The depth of the crisis was reflected in the US Special Forces raid last month on an Afghan government convoy that was carrying senior TTP leader Latifullah Mehsud. Kabul initially said Mehsud is being recruited as a peace emissary. However, New York Times revealed Afghan intelligence was trying to “recruit proxies” and aid TTP “in their fight against Pakistan’s security forces.” The target was an “opportunity to bring peace on our terms,” the report quoted Afghan official. The report said CIA and US military officials have previously “suggested” that Kabul proceed with such plans.

US imperialism’s continuous intervention, however, deepens the crisis inside Pakistan. The drone war and Pakistan army’s offensives targeting militants in border regions with Afghanistan is already fuelling a bloody civil war that has spread across the country in the form of rising sectarian violence. “Every drop of Hakimullah’s blood will turn into a suicide bomber,” TTP Spokesman Azam Tariq said after Mehsud’s killing, signalling more violence. “America and their friends shouldn’t be happy because we will take revenge for our martyr’s blood,” he added. Pakistan government has increased security measures, especially in Balochistan, after the killing.

Declaring the drone attack “sabotaged” the peace process, Tehrik-i-Insaf (PTI) leader Imran Khan rhetorically declared, “Even if we lose our provincial government [Khyber Pakhtunkhwa], we will not let NATO supplies pass through as long as drone strikes do not stop.” PTI’s climb to third largest party in the parliament from its marginal role in Pakistan politics was bound up with its increasing identification with opposition to drone war. Despite its anti-war posture, PTI does not rule out collaboration with US imperialism. His demand that the federal government must blockade NATO supplies was rejected by Minister Rashid saying, “Tit-for-tat actions flare up fire.”

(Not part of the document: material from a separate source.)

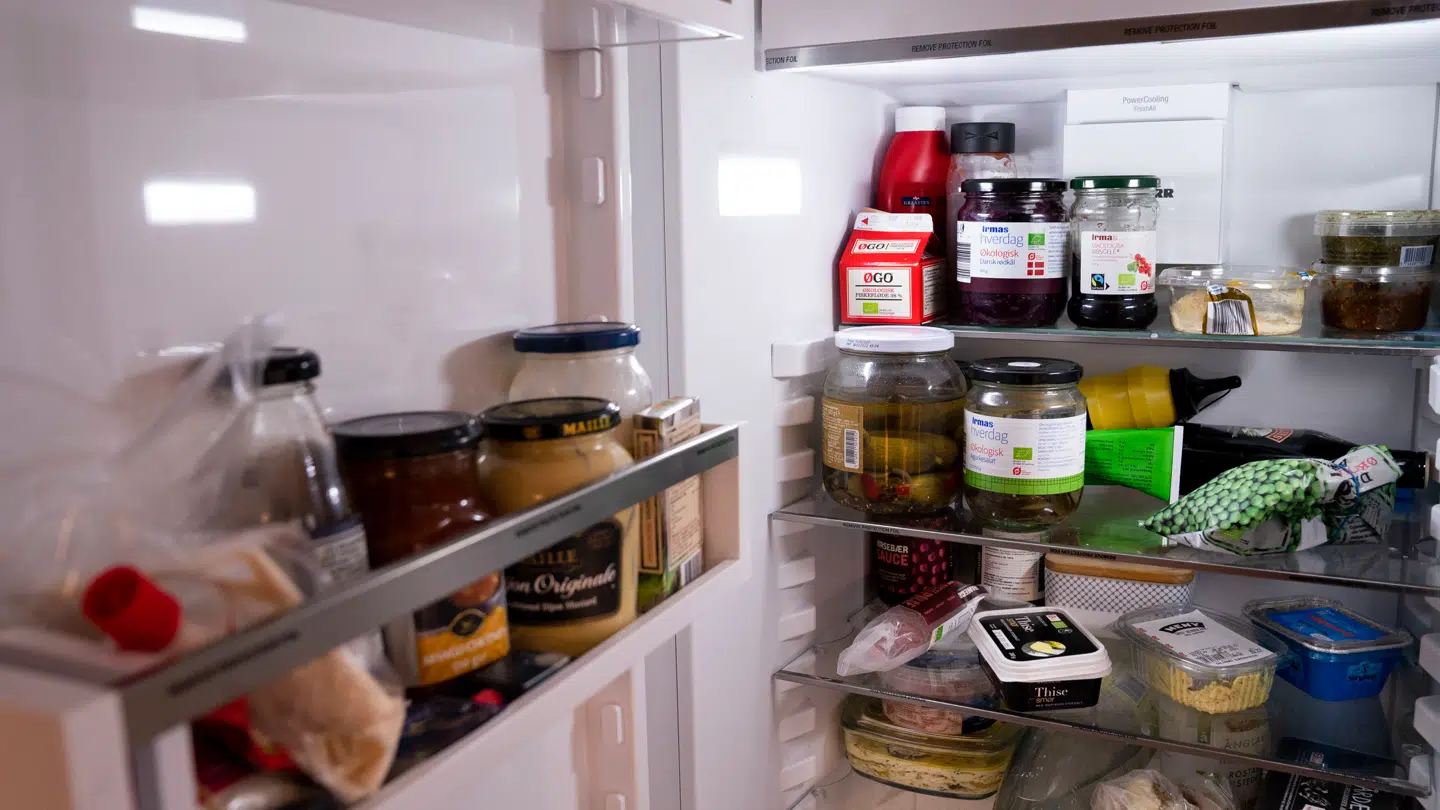 Køleskab , onsdag den 16. februar 2022.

No section of the Pakistani bourgeoisie maintains a principled opposition to US imperialism. Historically, the Pakistani bourgeoisie has sought its own survival within the framework of US regional hegemony by subordinating to its demands. Its decades of collaboration include helping to build the anti-Soviet mujahideen guerrilla movement in Afghanistan in the 1980s, the precursor to Afghanistan’s Taliban and Al Qaeda. Together with the CIA, Pakistan’s Directorate for Inter-Services Intelligence (ISI) continued to maintain their associations and sought to exploit those to influence Kabul.

A Washington Post report on October 24 detailed extensive communication and collaboration with Pakistan’s government and military between 2007 and 2011 in the course of the CIA-run drone assassination program. This includes military strongman Pervez Musharraf’s government and the former Pakistan Peoples Party-led coalition that initially consisted of PML-N as well.

A day before, Sharif spoke alongside Obama from the White House, attempting to placate popular opposition to the drone war back home, on which he had relied in May to secure his election. Sharif said the issue of drones was discussed with US officials, “emphasizing the need for an end to such strikes.” The lengthy joint press release, however, did not carry any mention of “drones.”

The October 24 Post report is based on “top-secret CIA documents and Pakistani diplomatic memos” it has obtained. According to the Post, some drone attacks were “at the request of” Pakistan’s government, while some others were the result of a “joint CIA-ISI targeting effort.” This dirty collaboration extends to the notorious “signature strikes” where drones are launched without a specific target, and the victim is selected from the air based on “patterns of behaviour” that are supposedly “militant”.

The Pakistan government’s claim that no civilian has been killed in the drone war since January 2012 is absurd on its face. The Amnesty International report “Will I be Next?” US Drone Strikes in Pakistan, extensively documented two attacks in 2012 that killed 19 civilians. In one attack 18 labourers were killed while in the other a grandmother was killed and her five grandchildren were injured. One of these grandchildren gave testimony in a US Congressional hearing last week: “Now I prefer cloudy days when the drones don’t fly.”